Sandy mudstone, a typical engineering surrounding rock, is widely distributed in mines, tunnels, slopes, and other projects in China. However, the reinforcement of fractured rock masses presents a persistent core challenge in the fields of rock mechanics and geotechnical engineering. These rock masses often contain inherent defects such as joints and fractures, which significantly compromise their overall strength and stability, posing serious threats to underground excavations, slope stability, and mining safety [1,2,3]. Grouting technology is an effective method for reinforcing such fractured rock masses. The grout enhances the integrity and mechanical properties of the rock by filling the fractures [4,5,6]. Grouting pressure is a critical factor influencing the reinforcement efficacy. Insufficient pressure hinders effective grout diffusion and penetration, while excessive pressure may cause rock fracturing, escalate costs, or even induce new damage.
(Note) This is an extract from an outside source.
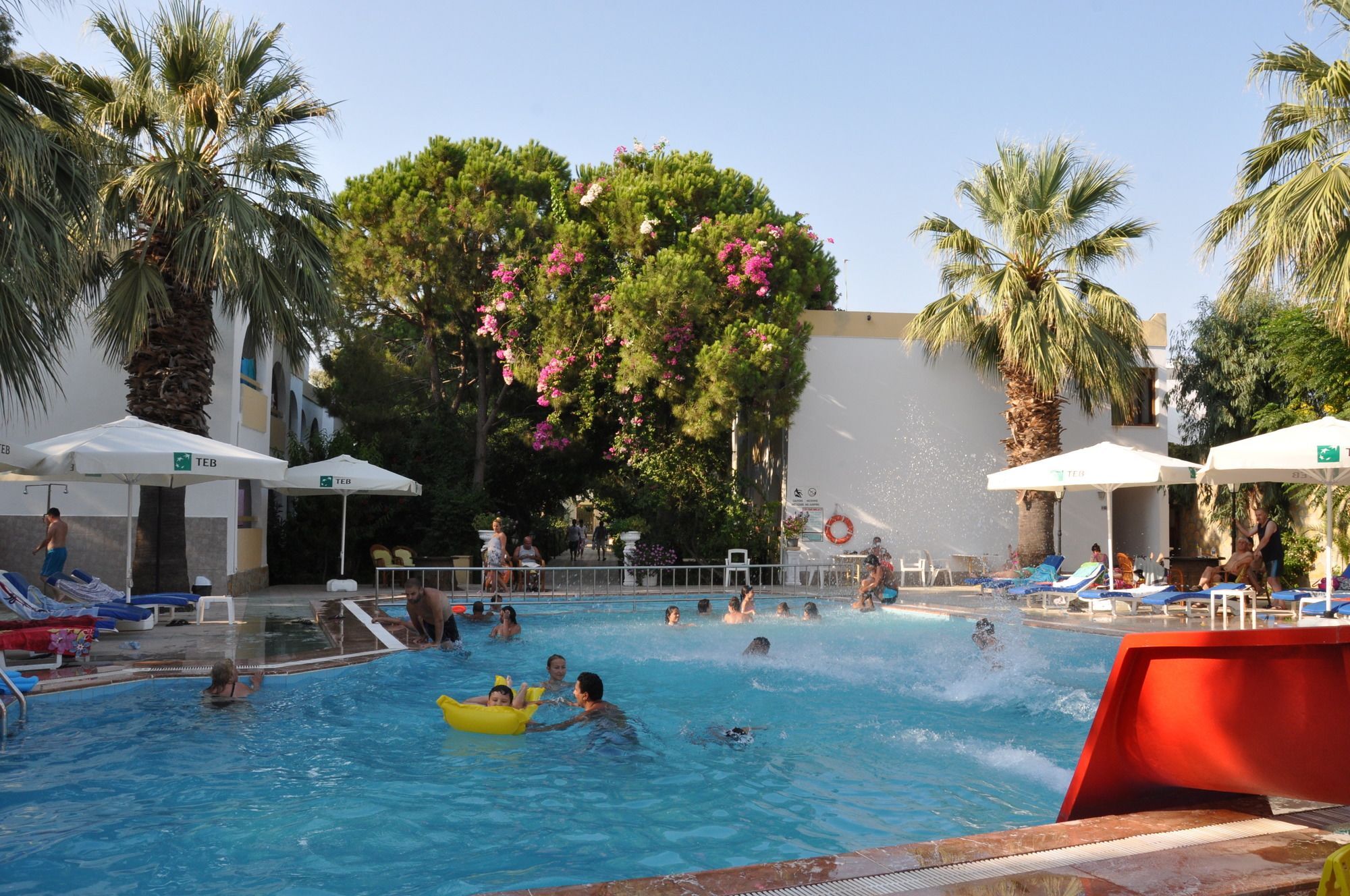 Hotel Gumbet Anil Beach Bitez Exterior foto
Therefore, systematically investigating the reinforcement effects of different grouting pressures on fractured sandy mudstone and elucidating the underlying mechanical mechanisms hold significant theoretical value and provide important guidance for engineering practice [7,8,9].
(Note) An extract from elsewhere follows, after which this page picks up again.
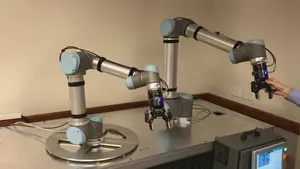 Universale UR5 UR5e Cobot Robot braccio prezzo con pinza robotizzata come CNC Pick And Place Robot Machine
Regarding research on the mechanical properties of grouted reinforcement and CT scanning, Jianhua Fu et al. studied the effectiveness of fracture grouting technology for compacting deep coal seams through triaxial compression tests and industrial CT scanning [10]. Xin Wang et al. utilized a self-developed true triaxial grouting device to conduct grouting under full-stress states on freeze–thaw fractured rocks and performed CT-based permeability simulations on the grouted rock mass [11]. Xiangrui Qin et al. revealed the influence of grouting materials on the meso-structure and macroscopic mechanical behavior of the grout–rock interface through a series of experiments, employing Nuclear Magnetic Resonance (NMR) and CT scanning to study the pore composition and meso-structure of grouted rock [12]. Changxing Zhu et al. determined the optimal carbon fiber (CF) content by conducting uniaxial compression tests on rock samples containing 0%, 0.5%, 1.0%, and 1.5% CF and established correlations between micro-mechanics and macro-mechanics using CT and PFC2D simulation analyses [13]. Ji-Peng Wang et al. investigated the performance of microbially induced calcium carbonate precipitation (MICP) under different grouting saturation conditions. CT test results indicated that the contact surface area became more uniform and the coordination number increased after cementation [14]. Xin Wang et al., aiming to explore the grout diffusion mechanisms of different materials in freeze–thaw rock masses, conducted true triaxial stress field grouting experiments on freeze–thaw fractured rock. They performed CT scanning and Scanning Electron Microscopy (SEM) on grouted specimens to obtain 3D reconstructions of grout diffusion patterns and vein networks under different freeze–thaw conditions [15].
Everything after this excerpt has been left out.